▸ **SOURCE RECORDS**
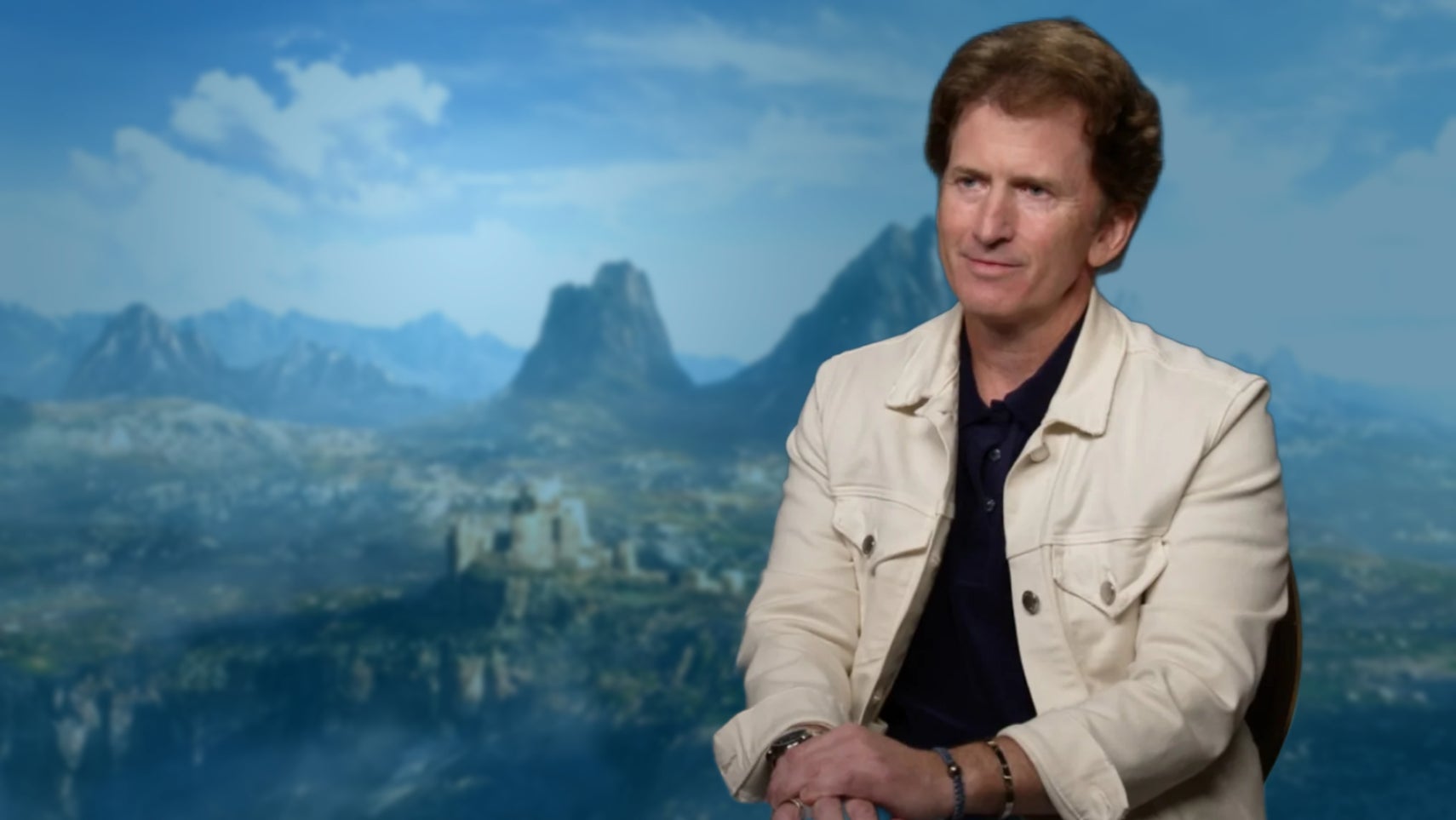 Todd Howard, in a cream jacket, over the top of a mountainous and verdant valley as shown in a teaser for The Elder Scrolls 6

---

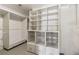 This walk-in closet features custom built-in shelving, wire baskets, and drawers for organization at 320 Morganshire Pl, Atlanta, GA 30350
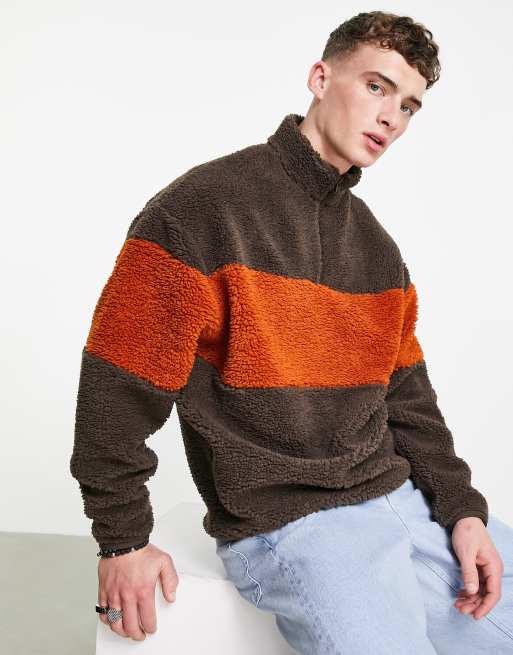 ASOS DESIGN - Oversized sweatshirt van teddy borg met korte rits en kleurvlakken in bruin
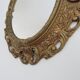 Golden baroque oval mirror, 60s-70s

▸ **TASK DIRECTIONS**
Starting at the line containing "This walk-in closet" and stopping at the line containing "Golden baroque oval mirror, 60s-70s", output each line exactly as it appears above. Leave out the pictures.

▸ **RESULT OF THIS TASK**
 This walk-in closet features custom built-in shelving, wire baskets, and drawers for organization at 320 Morganshire Pl, Atlanta, GA 30350
 ASOS DESIGN - Oversized sweatshirt van teddy borg met korte rits en kleurvlakken in bruin
 Golden baroque oval mirror, 60s-70s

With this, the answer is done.